Japan has started releasing treated nuclear wastewater from the Fukushima Daiichi Nuclear Power Plant into the Pacific Ocean on Thursday at 1pm Japan Time (4pm Fiji Time), despite diverse views and opinions both from Pacific and abroad.
The Tokyo Electric Power Company Holdings (TEPCO) said it plans to carry out the first round of release continuously around the clock for 17 days to discharge 7,800 tons of the radioactive wastewater.
The TEPCO spokesman, Junichi Matsumoto stated, “If we see any failures in our system or any problems, we will halt the release immediately.”
Over the next 20 to 30 years, the company intends to gradually discharge more than one million tons of water into the sea.
In a press conference in Suva Thursday, the Pacific Islands Forum Secretary General, Henry Puna said the Forum is assured by the commitment made by the Prime Minister of Japan and should there be any problem with the release, the Forum will hold Japan “accountable”.
“The Forum Secretariat has worked with all Members to pursue different avenues over the last three years to urge Japan to take all steps necessary to address any potential harm to the Pacific, and to take all appropriate measures within its territory, jurisdiction and control to prevent transboundary harm to the territory of another state, as required under international law.
“By the same token, we have relied on Japan’s assurances that discharge will not take place if it is not verifiably safe to do so, as well as their commitment to ensuring that any release would not be allowed in a manner that endangers the lives of Japanese citizens or those of the citizens of Pacific Island countries.
“We will continue to hold them to that commitment and trust me, we will not fail in holding them to that commitment,” SG Puna affirmed.

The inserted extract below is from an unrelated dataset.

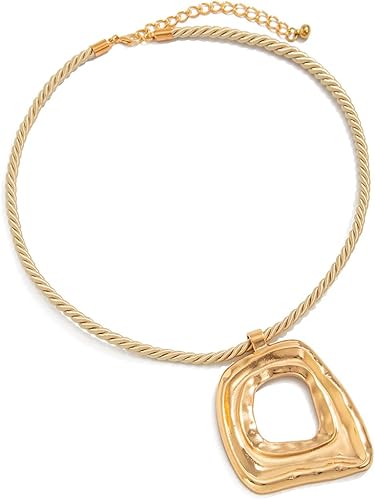 Statement Modern Geometric Hollow Square Pendant Rope Chain Necklace for Women Bold Fashion Layering Collarbone Jewelry Party Wear Accessory XL-107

Puna said the highest priority has been placed on the Fukushima nuclear wastewater issue, aligned to the positions pronounced by Forum Leaders.

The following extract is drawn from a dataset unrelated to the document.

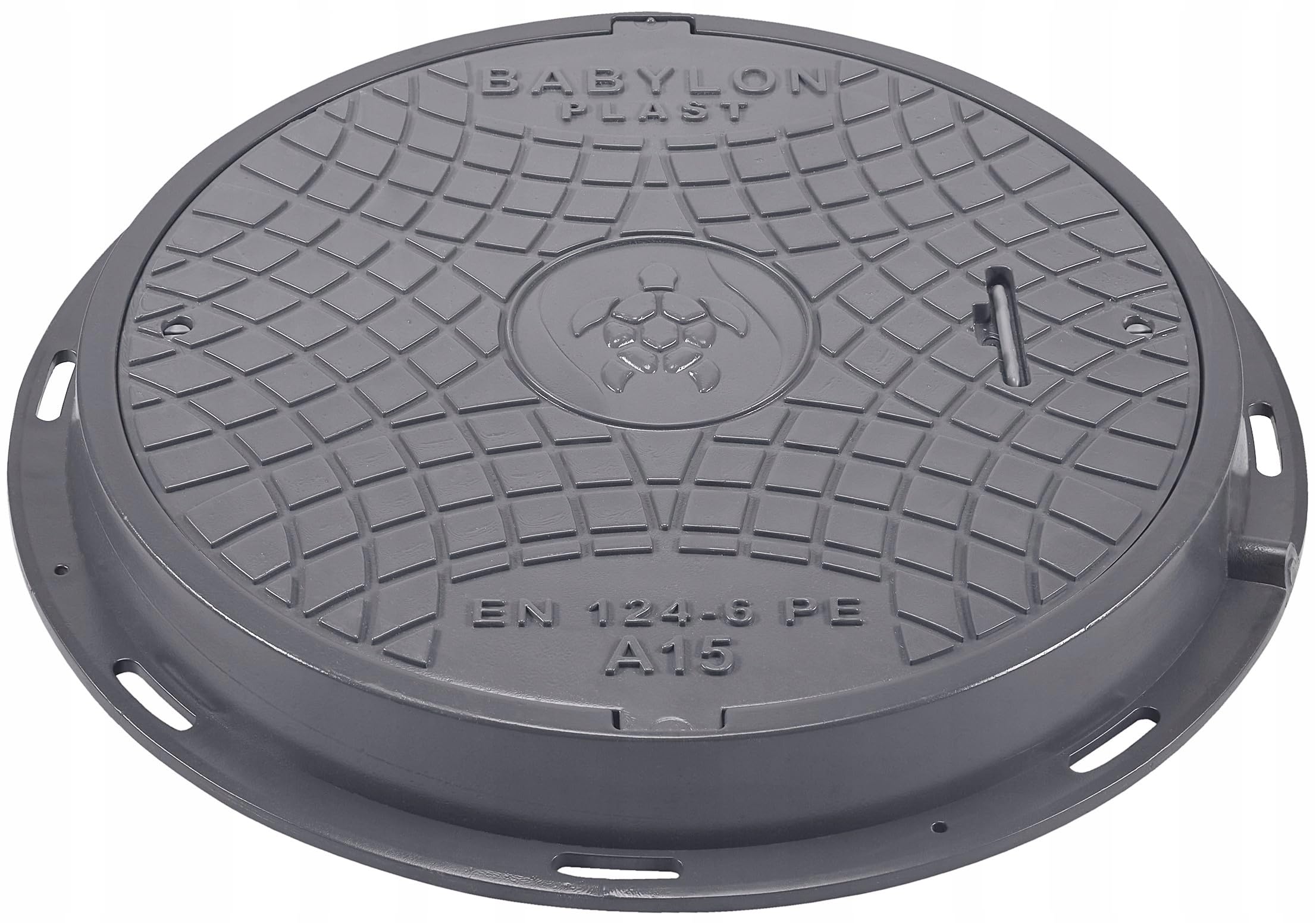 BabylonPlast putdeksel, putdeksel DN600/780 - ronde kunststof putdeksel, 780mm, A15, draagvermogen tot 1500 kg, UV-gestabiliseerd, veiligheidssluiting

“Indeed, Forum Leaders have prioritised the importance of international consultation, international law, and independent and verifiable scientific assessments, in view of the Rarotonga Treaty and our nuclear testing legacy that continues to affect our people and environment, 80 years on, and which gives rise to our acute awareness in the Pacific region of the threats posed by nuclear testing and contamination.
“It remains clear however that there continues to be divergent views and responses in the international community and within the Forum Membership on this issue, and I recognise the sovereignty and prerogative of Forum Members to determine their own national positions.
“These developments continue to fuel our unwavering commitment to addressing this unprecedented issue,” he said.
In this respect, the Forum Secretariat will continue to strive to provide the latest information and updates to the upcoming Forum Foreign Ministers Meeting on 15 September for further discussion and consideration, and from there to the PIF Leaders Meeting in the Cook Islands on 10 November.
The Forum Secretariat will continue to facilitate ongoing dialogue with the Government of Japan and the IAEA to ensure that Forum Members are aware of the latest information and updates.
“This will not be the first nor last time we will have to deal with these issues.
“I remain dedicated and committed to driving our collective interests, and I am confident that we will be able to move forward for the benefit of all states, and present and future generations who share the Pacific Ocean as our home and livelihood.
“I am assured, and our leaders are assured by the commitment and guarantee from IAEA. They will be establishing a presence on the ground in Fukushima to continually monitor the safety of the water that is being released,” the Forum leaders said.
As a part of the International Atomic Energy Agency’s (IAEA) ongoing safety assessment of the wastewater release, the team from the IAEA is on-site to observe the discharge process and assess Japan’s application of all relevant international safety standards for the water discharge,” said SG Puna.
IAEA Director General Rafael Mariano Grossi said IAEA experts are there on the ground to serve as the eyes of the international community and ensure that the discharge is being carried out as planned consistent with IAEA safety standards.
“Through our presence, we contribute to generating the necessary confidence that the process is carried out in a safe and transparent way,” he said.
Additionally, the IAEA has introduced a webpage to offer real-time data from Japan regarding water discharge. The provided data includes water flow rates, radiation monitoring results, and tritium concentration after dilution.